Sara Colangelo’s “Worth” tells the heartrending and uplifting story behind the September 11th Victim Compensation Fund, which was allocated by the likes of mediator Kenneth Feinberg (Michael Keaton) and the head of his firm Camille Biros (Amy Ryan). Their firm was mandated by law to figure out how much each family or loved one should be paid for financial support, which included navigating ugly issues of class discrepancy, while listening to harrowing testimonies from people who lost their loved ones. Based on Feinberg’s own book about the experience, the drama charts an empathetic journey of learning to see people less for dollar signs than their own experiences, ignited by one outspoken widower who initially leads a protest against the fund, Charles Wolf (Stanley Tucci).
Adapted from a book by Feinberg, “Worth” is a script by Max Borenstein that dates back to 2008, when it was put on the Hollywood Black List. Since then, Borenstein has grown an impressive resume as a writer and showrunner, having worked on each of the films in the Godzilla and King Kong Monsterverse franchise, while helping create shows like AMC's “The Terror” and the upcoming untitled HBO project about the 1980s Los Angeles Lakers.
Borenstein spoke to RogerEbert.com about the challenges in adapting this story with no easy villains and heroes, how films from the Monsterverse help us grapple with 9/11, and more.
What were some rules you set for yourself when adapting this story?
Our rule was to be faith to the capital-t Truth of the story, and to be respectful and sensitive to the facts with the people involved. Sometimes, to do those things, it means compositing characters so as to not be exploitive of people, and that was how we made our choices. The members of the team can be composited, and Ken and Camille Biros are real people. But underneath them there was a staff of dozens, and in order to efficiently tell the story we wouldn’t have time to invest in dozens of characters, so we made a few composite characters are prominent. With the families, we were oftentimes using people who were carefully adapted, and adjusted stories from people. But we wanted to be sensitive to not exploit true stories in a way that would be too close to home for people who had gone through this kind of trauma.
When you saw “we,” are you talking about as the film was being made?
Partly, the royal we usually. The script was written for the first time in 2007, 2008, and Sean Sorensen had brought me the book and remained a producer on the film. But basically it was years passed and it was just more or less that it nearly got made and one thing led to another. And then when I partnered up with this other team of crack producers and we got Michael Keaton involved, and Sara Colangelo, we were in discussion.

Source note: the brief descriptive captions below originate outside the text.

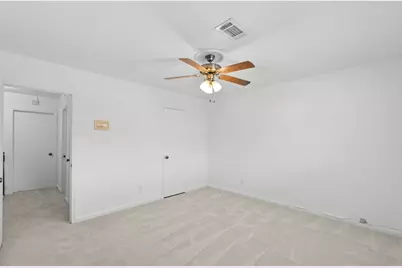 9668 Westview Drive #2, Houston, TX 77055 - Photo 19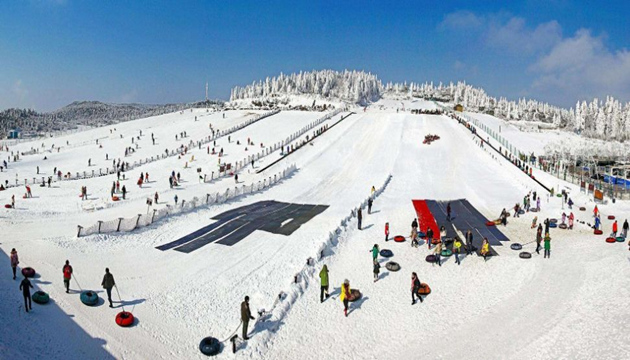 临汾九龙山庄滑雪场图片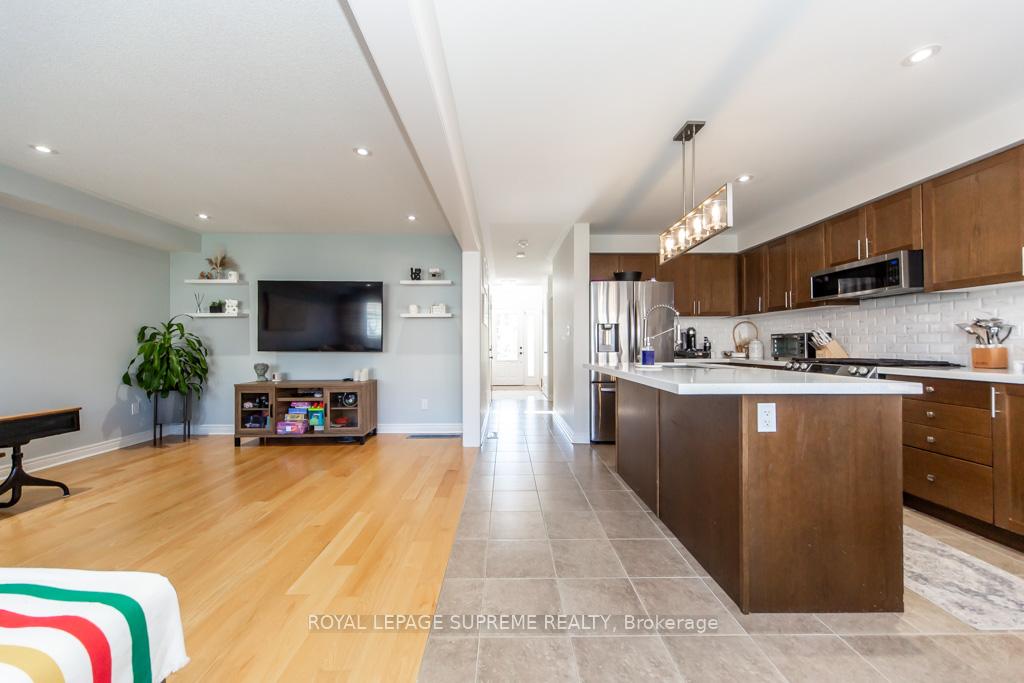 43 Hoard Avenue N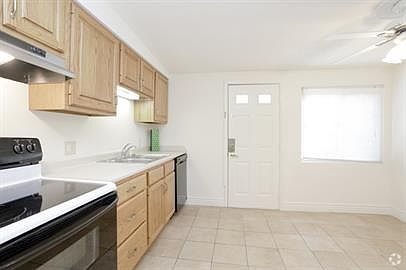 3rd image of 1404 N McKinley Ave APT 1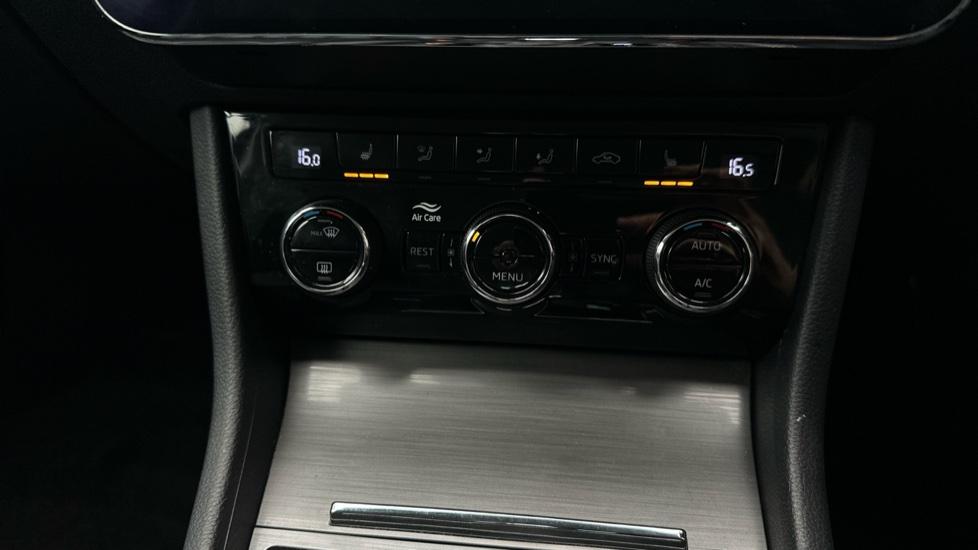 Air Conditioning /Dual Climate Control /Heated Seats 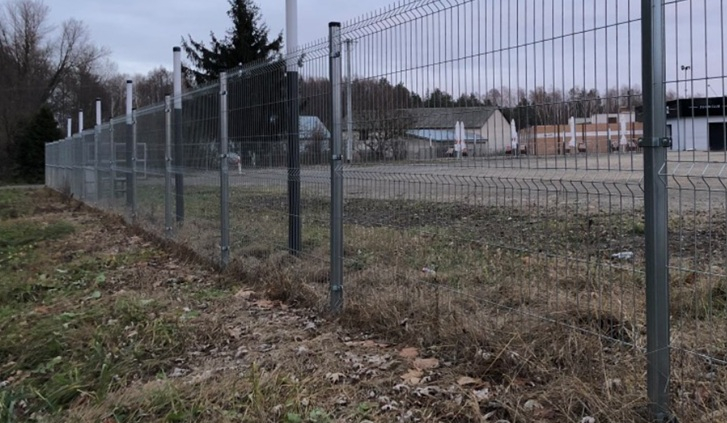Polski panel ogrodzeniowy z przetłoczeniem 3D zabezpieczony antykorozyjnie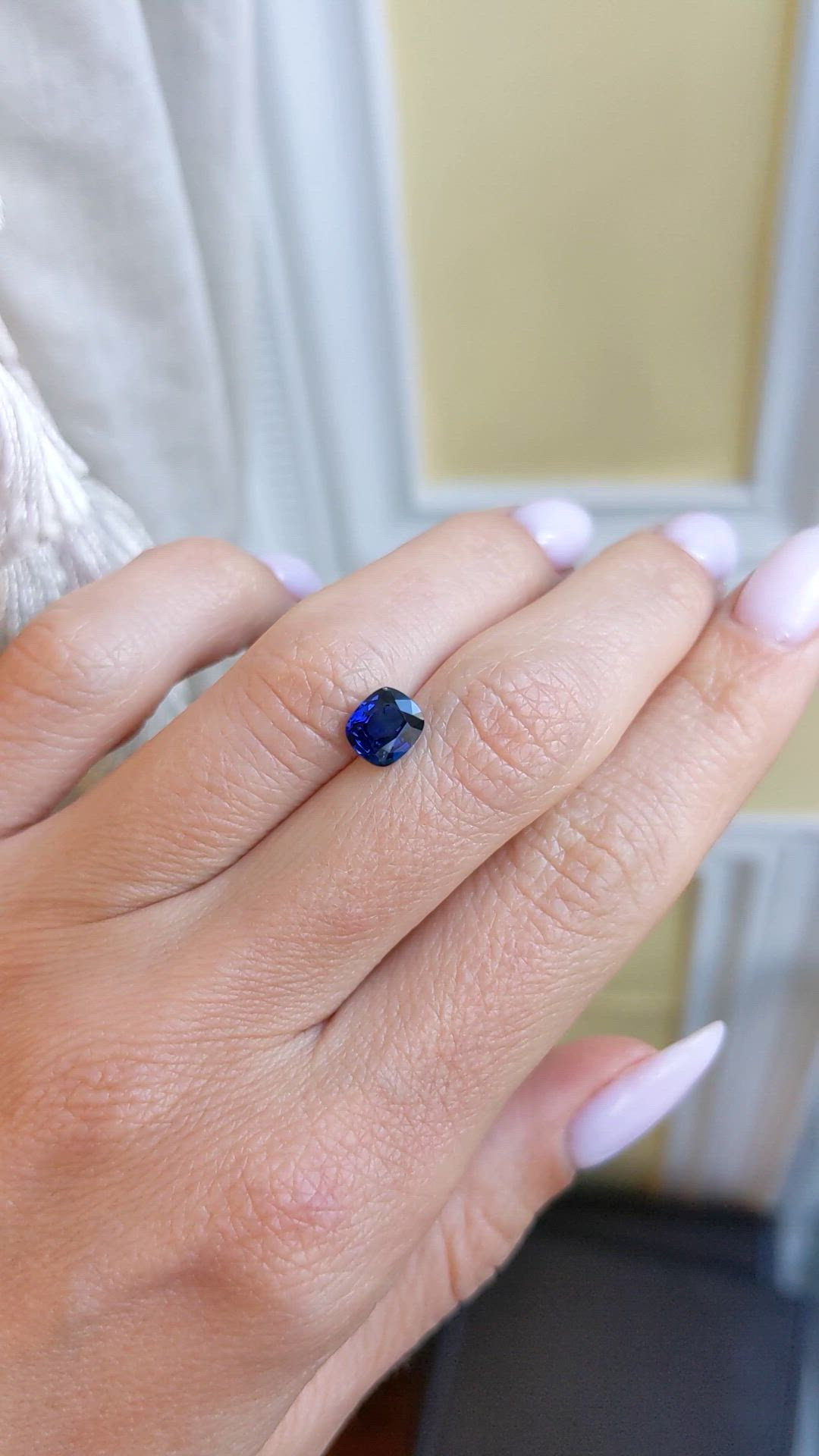 1.26 Ct. Blue Sapphire from Ceylon (Sri Lanka) Size Video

What did you learn about Hollywood after "Worth" got on the Black List?
I had been a working screenwriter for a year, a year and a half, with another script I had written that was also a drama. It got me work doing rewrites for thrillers and action pieces and whatnot, and for a while I was doing that, I kind of was aware to some extent how the business was working. But I was mainly aware of, that while I was happy to be getting paid to write them, they weren’t especially fulfilling or exciting or interesting in the way that I wanted to be writing things that I cared about. So when the story came along and was brought to my attention, I first read it during the Writers Strike of 2008, and I was really looking for something I could invest in and sink my teeth into, and the best ways to do that was something I wasn’t going to get paid for, that I was going to be writing on spec. So this was kind of the perfect thing for me, and it’s not a movie that ever felt like, “Oh, this is an obvious, easy movie to get made.” So, it was kind of a perfect thing that requires that sort of passion and willingness to dive in, speculatively.
Did you have any nightmares or bad dreams in this process of immersing yourself of this story?
I don’t know of any nightmares or bad dreams, but it was an incredibly haunting thing to be immersed in. And when I was getting into it, all of these people’s stories, there’s a whole New York Times book that has obits from the victims, and I read through all of that and got more and more immersed. It certainly not the kind of thing that doesn’t impact you. But 9/11 was something that certainly I was deeply impacted by prior to this experience, I knew that going in. But it’s definitely not the kind of fun you have when you’re doing a show about basketball.
What was the biggest challenge in creating the character of Priya Kundhi (played by Shunori Ramanathan), a character who survived the attack on the World Trade Center and then works for Ken?
We wanted to composite a character to represent the many junior associates who were involved with this, and that was something that, her ethnicity and background was something that we conceived, Sara and I, when figuring out casting. It felt like an interesting opportunity to have a character who had brown skin, and who would experience what we all remember at the time, one of the negative aftermaths of 9/11 of racial profiling that people experienced. It felt like a really nice opportunity for us, in the compositing of that character, to remind people of that moment in time, not that that’s gone away. But this heightened thing that was part of that, in addition to the patriotism and the rally around the flag, there was also these darker threads.
Was Ken an easier character to figure out tone-wise because of the source material? Or did it make him more challenging? I'm fascinated by his tricky growth, and his imperfections.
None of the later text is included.